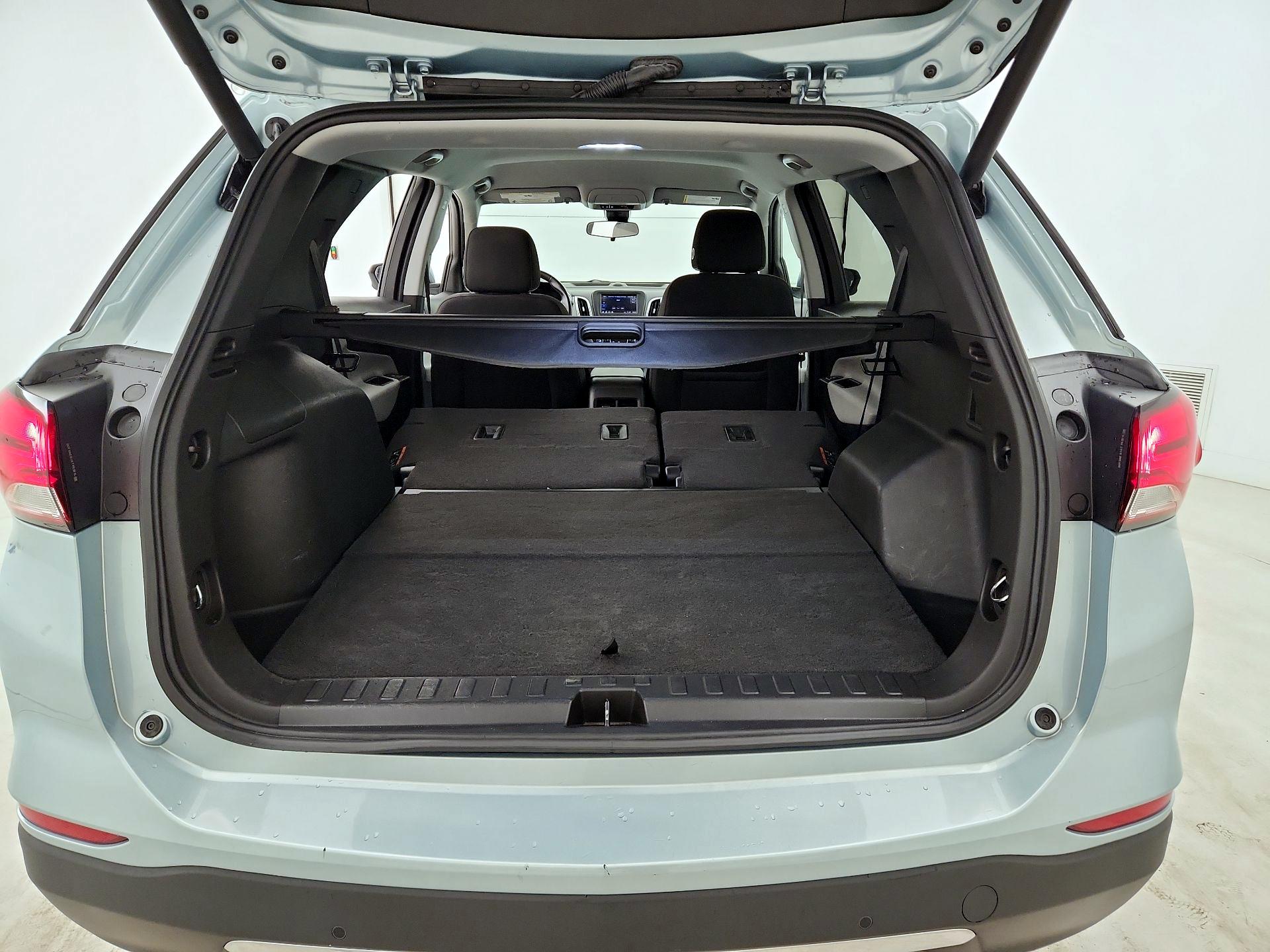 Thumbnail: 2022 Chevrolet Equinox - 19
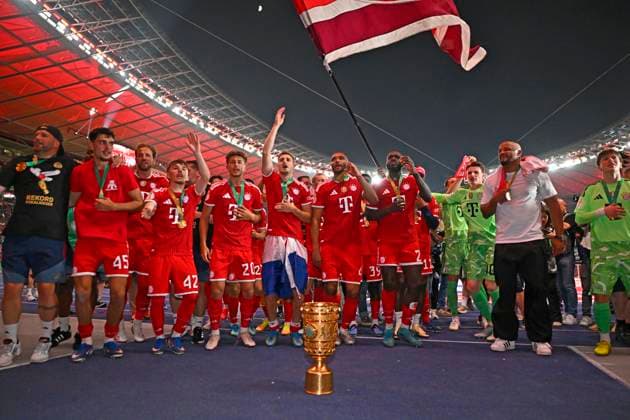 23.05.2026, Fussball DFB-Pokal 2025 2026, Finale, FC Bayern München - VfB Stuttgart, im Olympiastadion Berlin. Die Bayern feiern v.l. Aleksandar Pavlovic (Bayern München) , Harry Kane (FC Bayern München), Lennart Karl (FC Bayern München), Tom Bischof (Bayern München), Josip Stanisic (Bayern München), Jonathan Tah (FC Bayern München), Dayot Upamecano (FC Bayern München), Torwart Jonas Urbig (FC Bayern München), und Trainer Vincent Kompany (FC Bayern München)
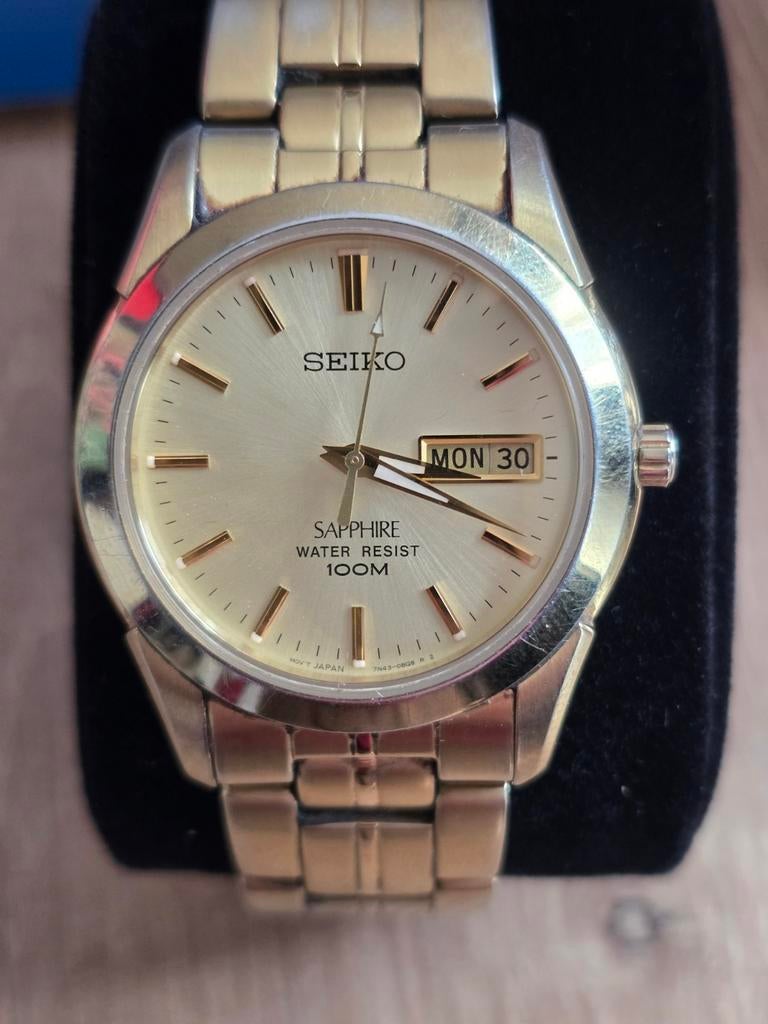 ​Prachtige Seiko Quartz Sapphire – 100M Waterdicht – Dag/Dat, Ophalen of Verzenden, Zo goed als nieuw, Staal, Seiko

TASK GOAL
Skip the images and write out the rest of the listing exactly.

ANSWER AREA
 Thumbnail: 2022 Chevrolet Equinox - 19
 23.05.2026, Fussball DFB-Pokal 2025 2026, Finale, FC Bayern München - VfB Stuttgart, im Olympiastadion Berlin. Die Bayern feiern v.l. Aleksandar Pavlovic (Bayern München) , Harry Kane (FC Bayern München), Lennart Karl (FC Bayern München), Tom Bischof (Bayern München), Josip Stanisic (Bayern München), Jonathan Tah (FC Bayern München), Dayot Upamecano (FC Bayern München), Torwart Jonas Urbig (FC Bayern München), und Trainer Vincent Kompany (FC Bayern München)
 ​Prachtige Seiko Quartz Sapphire – 100M Waterdicht – Dag/Dat, Ophalen of Verzenden, Zo goed als nieuw, Staal, Seiko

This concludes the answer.